◆ **Source records**:
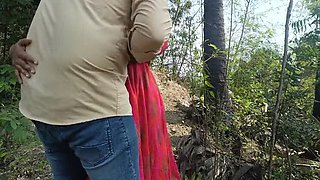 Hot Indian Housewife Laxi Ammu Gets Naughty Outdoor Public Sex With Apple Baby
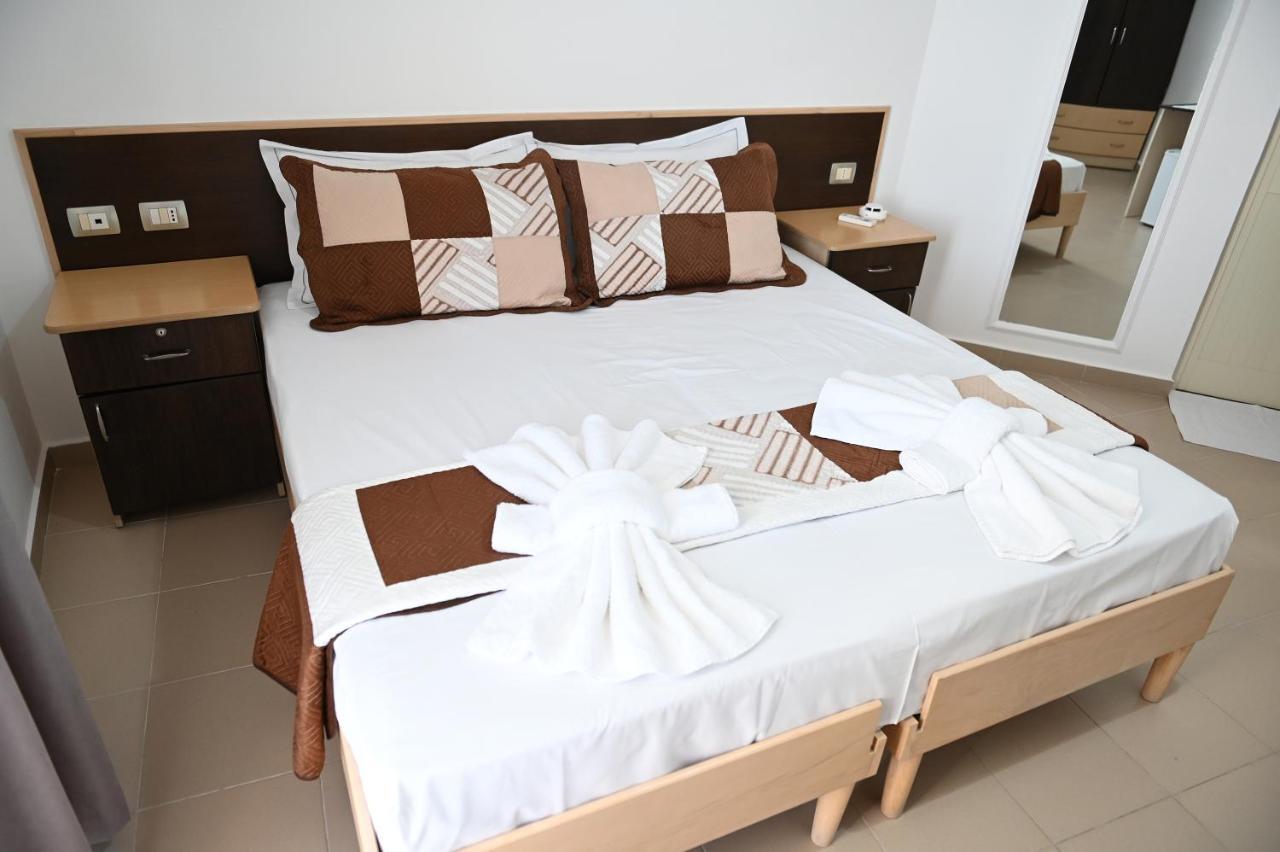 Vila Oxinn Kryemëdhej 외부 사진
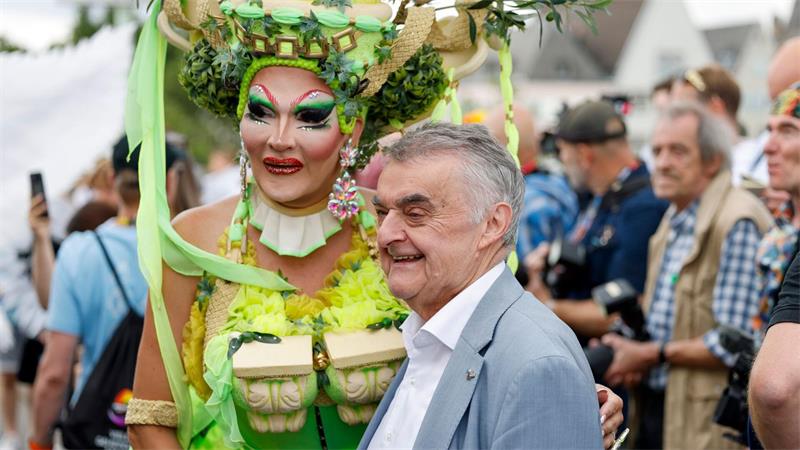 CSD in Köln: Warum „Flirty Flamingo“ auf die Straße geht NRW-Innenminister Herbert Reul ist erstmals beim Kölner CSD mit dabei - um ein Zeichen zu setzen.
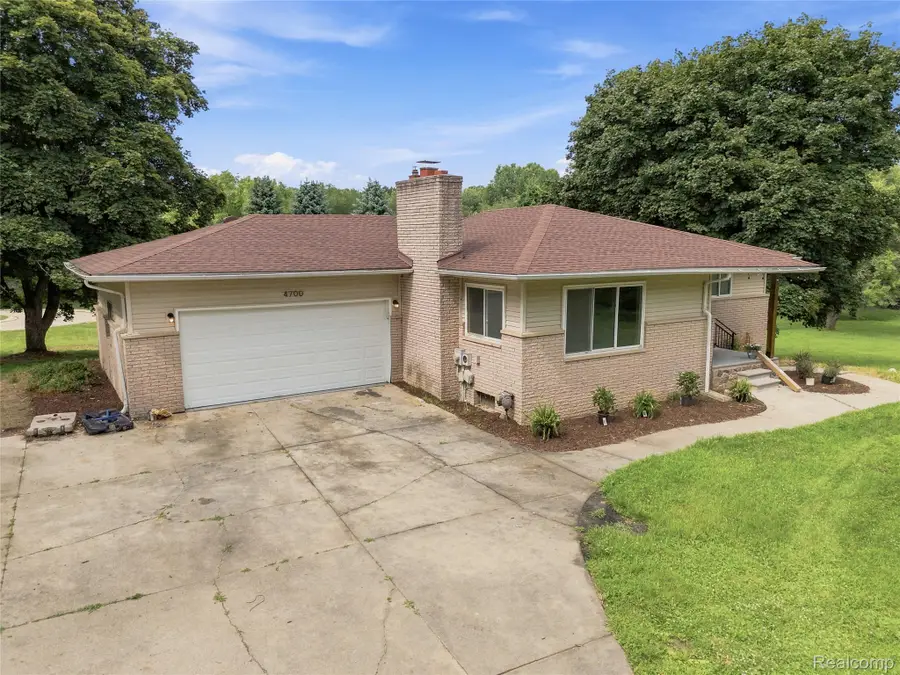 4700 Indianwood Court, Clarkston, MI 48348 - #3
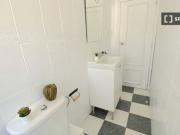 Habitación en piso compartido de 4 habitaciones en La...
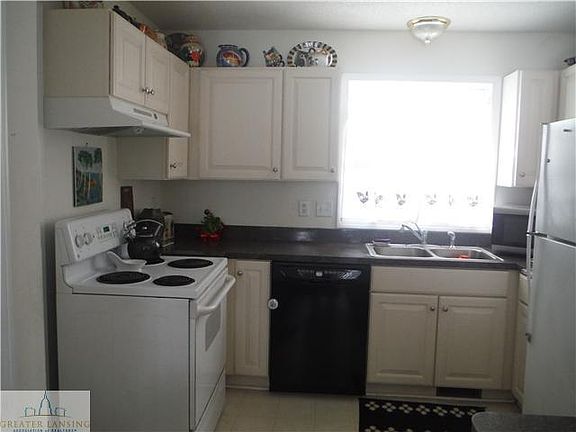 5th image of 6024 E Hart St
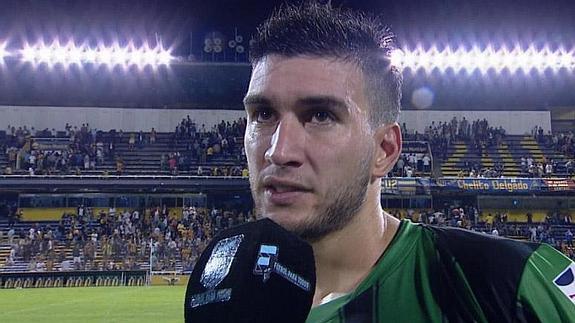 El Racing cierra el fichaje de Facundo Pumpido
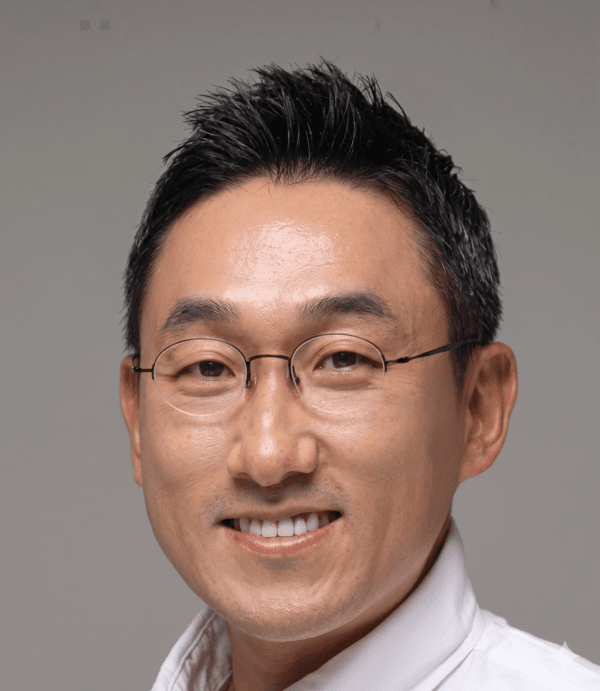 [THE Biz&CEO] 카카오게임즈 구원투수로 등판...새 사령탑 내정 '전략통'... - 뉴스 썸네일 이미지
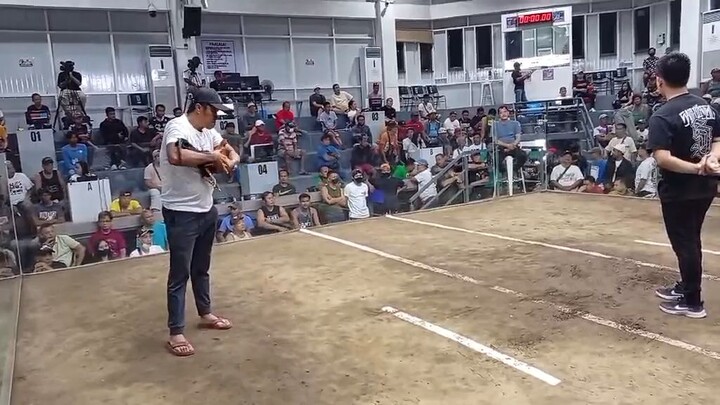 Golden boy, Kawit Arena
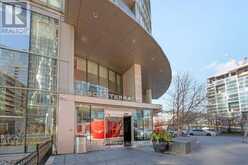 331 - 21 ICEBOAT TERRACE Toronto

◆ **Aim of the exercise**: Copy nothing but the lines from the start of the entries through the line with "[THE Biz&CEO] 카카오게임즈". Write them out exactly, without pictures.

◆ **Task result**:
 Hot Indian Housewife Laxi Ammu Gets Naughty Outdoor Public Sex With Apple Baby
 Vila Oxinn Kryemëdhej 외부 사진
 CSD in Köln: Warum „Flirty Flamingo“ auf die Straße geht NRW-Innenminister Herbert Reul ist erstmals beim Kölner CSD mit dabei - um ein Zeichen zu setzen.
 4700 Indianwood Court, Clarkston, MI 48348 - #3
 Habitación en piso compartido de 4 habitaciones en La...
 5th image of 6024 E Hart St
 El Racing cierra el fichaje de Facundo Pumpido
 [THE Biz&CEO] 카카오게임즈 구원투수로 등판...새 사령탑 내정 '전략통'... - 뉴스 썸네일 이미지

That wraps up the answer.